Akhir kata, dengan segala kerendahan hati penulis mengucapkan alhamdulillah kepada Allah SWT, dan terima kasih kepada dosen pembimbing mata kuliah ini. Semoga bermanfaat. Amin
Penulis,
DAFTAR ISI
Kata Pengantar.......................................................................................................i
Daftar Isi.................................................................................................................ii
BAB I Pendahuluan
Latar Belakang..................................................................................................1
Rumusan Masalah.............................................................................................1
Tujuan Penulisan...............................................................................................2
BAB II Pembahasan
Perumusan Sila Kedua Pancasila......................................................................3
Makna Sila Kedua Pancasila.............................................................................6
Hubungan antara Kemanusiaan dan Kebangsaan.............................................8
Membumikan Sila Kedua Pancasila.................................................................9
BAB III Penutup
Kesimpulan.....................................................................................................11
Saran................................................................................................................12
Daftar pustaka
BAB I
PENDAHULUAN
Latar Belakang
Telah diketahui bangsa Indonesia terbentuk dari proses yang sangat panjang sejak kerajaan Kutai, Sriwijaya, Majapahit sampai datangnya bangsa lain yang menjajah dan menguasai bangsa Indonesia.

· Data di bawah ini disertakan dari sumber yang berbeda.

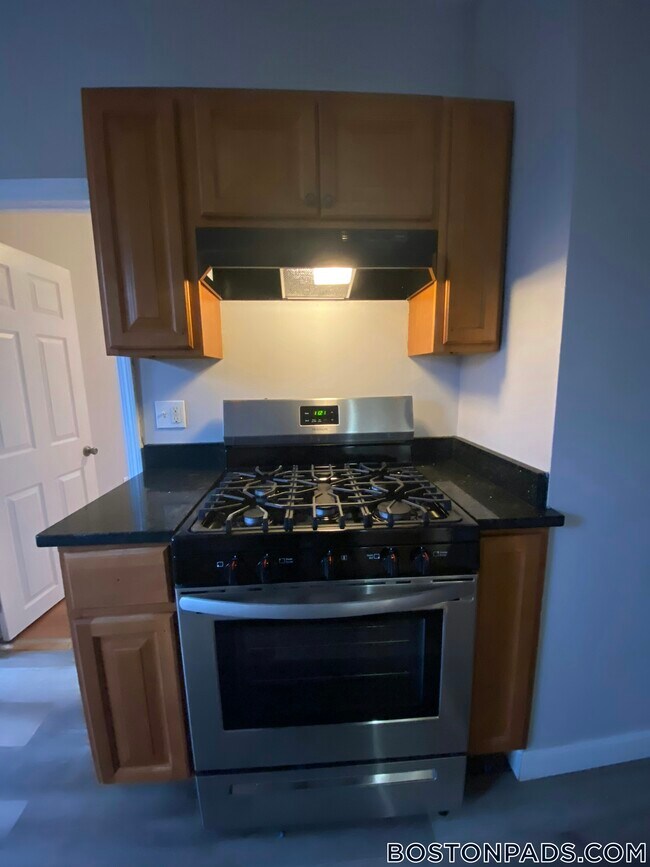 Photo - 96 Woodledge St Apartment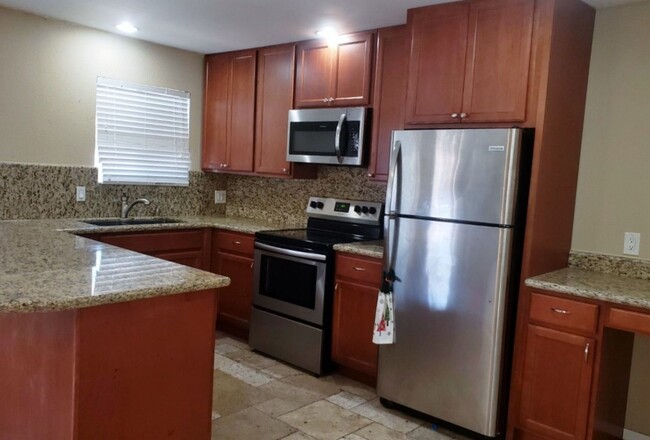 Building Photo - ***1st months rent waived*** One Bedroom U...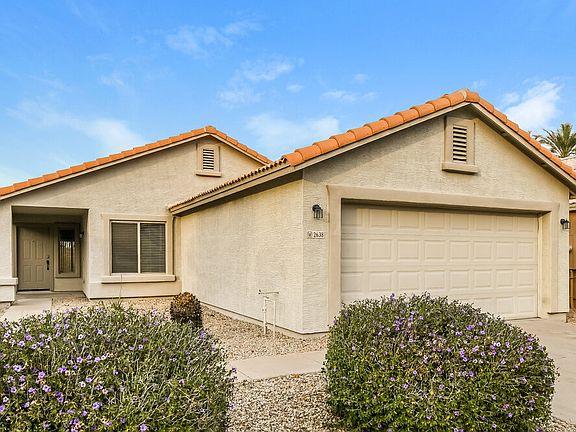 3rd image of 2638 E Valencia Dr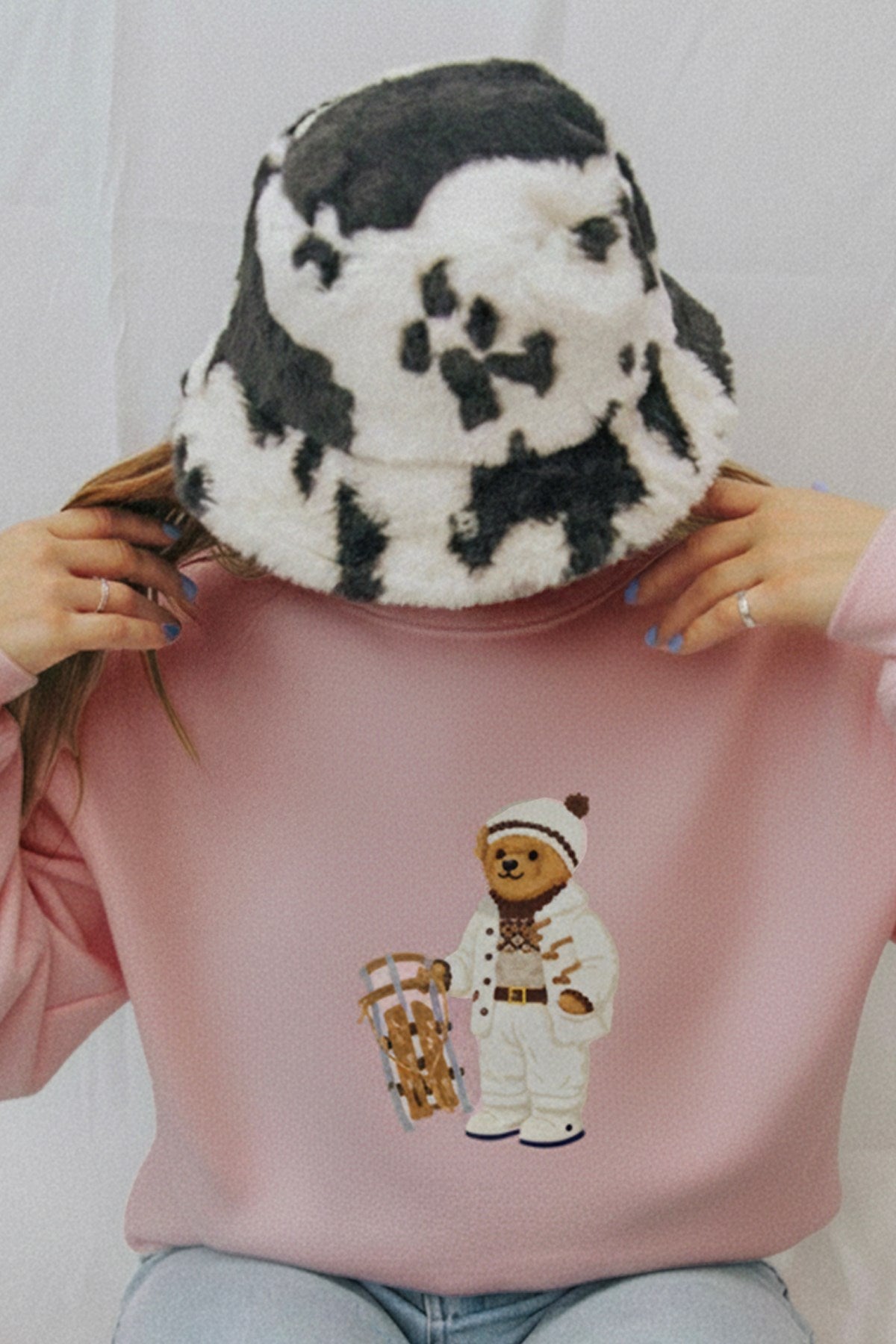 Kadın Oversize Sweatshirt Quiet Club 3D Baskılı Pembe – Bisiklet Yaka, 3 İplik Şardonlu Polar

Sehingga setelah melalui proses yang cukup panjang dalam perjalanan bangsa Indonesia akhirnya bangsa Indonesia menemukan jati dirinya yang didalamnya tersimpul ciri khas, sifat, dan karakter bangsa yang berbeda dengan bangsa lain, yang oleh para pendiri negara kita dirumuskan dalam satu rumusan yang sederhana namun mendalam yaitu Pancasila yang berisi lima prinsip negara Indonesia.
Dengan adanya pancasila, bangsa Indonesia telah memiliki visi serta pandanagn hidup yang kuat agar tidak terombang-ambing di tengah-tengah masyarakat internasional. Yang pada dasarnya jauh sebelum pancasila dirumuskan dan disahkan menjadi dasar negara indonesia nilai-nilai yang terkandung dalam setiap sila pancasila telah dimiliki bangsa Indonesia.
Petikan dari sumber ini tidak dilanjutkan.